The concern about Marathon's playercount stems from the experience of D2 Crucible players, where reduced numbers could severely affect queue times, lagginess of eventual opponents, getting matched against the same teams over and over again in Trials, etc.
Yeah. From historical precedent (basically every other live-service FPS game in the past ten years, when they all started leaning heavily into "matchmaking" with endless behind-the-scenes voodoo to screw with everybody's K/D or W/L or whatever to force everybody into supposedly "even" matches), it seems like there's a bare-minimum number of active simultaneous players in a given game before its matchmaking system starts to break down, and it's a surprisingly
high number. Low five-digits. I haven't pinned down the precise range where such systems start to fall apart, but it's pretty obvious they need at least 10k+ active players with different "qualifiers" or "metrics."
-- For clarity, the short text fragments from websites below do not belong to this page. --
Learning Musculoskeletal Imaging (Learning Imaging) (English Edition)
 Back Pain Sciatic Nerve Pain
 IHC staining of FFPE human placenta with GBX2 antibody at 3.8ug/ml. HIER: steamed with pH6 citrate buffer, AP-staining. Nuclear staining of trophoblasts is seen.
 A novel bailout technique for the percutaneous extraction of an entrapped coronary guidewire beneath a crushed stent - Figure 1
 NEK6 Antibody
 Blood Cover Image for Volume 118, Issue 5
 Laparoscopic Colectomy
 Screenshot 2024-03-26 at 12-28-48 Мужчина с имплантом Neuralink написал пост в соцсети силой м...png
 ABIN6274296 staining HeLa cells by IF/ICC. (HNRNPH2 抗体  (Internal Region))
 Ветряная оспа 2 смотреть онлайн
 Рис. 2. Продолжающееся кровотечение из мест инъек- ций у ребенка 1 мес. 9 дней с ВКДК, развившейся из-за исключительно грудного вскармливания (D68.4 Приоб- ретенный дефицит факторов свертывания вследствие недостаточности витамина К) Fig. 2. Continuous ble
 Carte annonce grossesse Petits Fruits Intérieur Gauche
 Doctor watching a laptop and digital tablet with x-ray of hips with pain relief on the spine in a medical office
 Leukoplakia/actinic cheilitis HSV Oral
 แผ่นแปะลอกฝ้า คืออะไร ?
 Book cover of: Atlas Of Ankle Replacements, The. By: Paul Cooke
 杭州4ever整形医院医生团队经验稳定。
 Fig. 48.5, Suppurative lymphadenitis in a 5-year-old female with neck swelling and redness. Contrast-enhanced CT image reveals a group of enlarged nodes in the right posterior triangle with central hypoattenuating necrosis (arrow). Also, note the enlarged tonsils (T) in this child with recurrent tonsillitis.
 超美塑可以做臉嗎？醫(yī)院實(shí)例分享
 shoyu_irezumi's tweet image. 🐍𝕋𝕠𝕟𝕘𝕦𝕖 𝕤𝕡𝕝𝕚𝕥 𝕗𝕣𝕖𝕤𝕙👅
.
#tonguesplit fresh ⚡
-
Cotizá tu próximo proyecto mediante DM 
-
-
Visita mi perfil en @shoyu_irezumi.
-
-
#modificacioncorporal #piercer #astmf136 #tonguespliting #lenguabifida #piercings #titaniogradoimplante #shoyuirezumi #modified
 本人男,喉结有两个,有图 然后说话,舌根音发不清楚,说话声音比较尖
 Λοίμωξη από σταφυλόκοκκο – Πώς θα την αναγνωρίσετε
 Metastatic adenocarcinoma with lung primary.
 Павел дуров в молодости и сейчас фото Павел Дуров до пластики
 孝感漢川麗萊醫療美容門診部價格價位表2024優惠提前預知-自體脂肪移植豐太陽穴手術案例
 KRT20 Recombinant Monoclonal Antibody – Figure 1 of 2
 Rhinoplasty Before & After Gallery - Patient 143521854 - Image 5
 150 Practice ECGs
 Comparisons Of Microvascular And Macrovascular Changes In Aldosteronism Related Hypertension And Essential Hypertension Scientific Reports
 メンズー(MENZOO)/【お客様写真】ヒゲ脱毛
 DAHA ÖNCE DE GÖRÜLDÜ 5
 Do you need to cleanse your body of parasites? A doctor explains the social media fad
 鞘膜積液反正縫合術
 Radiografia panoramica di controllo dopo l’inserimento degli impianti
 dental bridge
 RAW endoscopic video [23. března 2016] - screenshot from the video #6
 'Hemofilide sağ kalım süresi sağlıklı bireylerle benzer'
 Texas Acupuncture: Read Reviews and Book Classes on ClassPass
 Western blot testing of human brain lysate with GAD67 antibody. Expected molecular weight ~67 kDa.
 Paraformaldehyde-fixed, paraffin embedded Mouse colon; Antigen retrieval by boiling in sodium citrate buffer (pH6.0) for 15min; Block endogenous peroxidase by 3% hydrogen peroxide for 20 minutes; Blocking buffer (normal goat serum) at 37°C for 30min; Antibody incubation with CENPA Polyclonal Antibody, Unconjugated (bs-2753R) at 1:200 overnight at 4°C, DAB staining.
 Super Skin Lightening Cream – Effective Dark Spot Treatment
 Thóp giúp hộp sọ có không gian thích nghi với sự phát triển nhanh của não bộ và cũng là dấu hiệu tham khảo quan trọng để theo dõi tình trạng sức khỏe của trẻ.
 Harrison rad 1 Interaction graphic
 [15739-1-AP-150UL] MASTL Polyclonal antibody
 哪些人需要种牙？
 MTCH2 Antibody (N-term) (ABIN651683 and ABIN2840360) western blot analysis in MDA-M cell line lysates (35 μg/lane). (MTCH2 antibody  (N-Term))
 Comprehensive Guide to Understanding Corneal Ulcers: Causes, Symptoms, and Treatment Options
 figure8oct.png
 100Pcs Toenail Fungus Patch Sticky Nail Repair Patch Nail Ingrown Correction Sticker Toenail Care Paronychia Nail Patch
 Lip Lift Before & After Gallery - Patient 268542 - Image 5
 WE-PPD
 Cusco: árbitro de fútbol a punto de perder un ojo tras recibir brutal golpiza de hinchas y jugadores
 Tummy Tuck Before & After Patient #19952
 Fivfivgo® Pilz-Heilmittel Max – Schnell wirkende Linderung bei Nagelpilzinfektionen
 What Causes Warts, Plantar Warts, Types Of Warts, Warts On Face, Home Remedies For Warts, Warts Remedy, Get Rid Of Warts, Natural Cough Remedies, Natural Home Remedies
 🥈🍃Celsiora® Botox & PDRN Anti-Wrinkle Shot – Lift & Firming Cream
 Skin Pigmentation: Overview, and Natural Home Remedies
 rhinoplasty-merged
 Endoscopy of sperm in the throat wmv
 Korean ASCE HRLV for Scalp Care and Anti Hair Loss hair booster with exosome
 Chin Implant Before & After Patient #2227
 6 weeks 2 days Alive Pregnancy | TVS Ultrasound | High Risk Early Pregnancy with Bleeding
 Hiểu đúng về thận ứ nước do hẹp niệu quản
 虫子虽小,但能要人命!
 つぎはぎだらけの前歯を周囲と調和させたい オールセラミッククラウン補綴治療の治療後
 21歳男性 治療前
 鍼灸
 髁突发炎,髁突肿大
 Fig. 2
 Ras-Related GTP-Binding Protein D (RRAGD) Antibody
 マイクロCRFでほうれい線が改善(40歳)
There's weird misbehavior that starts at that level of available players. Rules fighting other rules, some more heavily weighted than others (which makes sense), but with conflicting "overrides" that result in the worst possible outcome: potentially hundreds or even thousands of players, all readied-up and no technical hurdles preventing their playing together, but the "matchmaker service" says they can't play together because "reasons" so they have to sit in queue staring at "500+ players in queue" instead of playing together in a potential "skill mismatch."
The worst part is these companies have spent two decades developing their matchmaking stuff and it's all evolved towards this "everybody deserves balanced, fair play at all times no matter what" mentality (because fuck your skills and practice -- if you're doing too well, we'll intentionally set you up with our "best" players so you'll be roflstomped back down to know your place), and by god they're going to stick to what they've made no matter what feedback they get. And the dumb fucks ignore obvious fixes that are "better than nothing" because they fear the fixes aren't 100% perfect.
Namely, if you've got a game that's running 3v3 or 5v5 fights, if you
ever have six (or ten) players in the same geographic region queued up for a new match for longer than one minute and they keep getting "rejected" by the matchmaker system for whatever reason,
just fucking shove them in a match anyway. Randomize the teams, fuck "matchmaking," just spin up a session and shove 'em in. Get them
playing. I guarantee they'll be happier playing a less-than-perfectly-matched game for 10-15 minutes than sitting in a fucking queue for 20-30 minutes staring at a spinning indicator.
But they won't fucking do it. They'd rather make people sit and
not play rather than risk "making" them play an algorithmically sub-optimal match.
Low player counts exacerbate this. You don't see it when you've got an available pool of thousands of players just queuing up for a match at any given moment. But when you're down to "just" 10k or so, your super-choosy, super-clever matchmaking algorithms fall apart because there's always a nit-picky reason to exclude X hundred potential matches each time you check.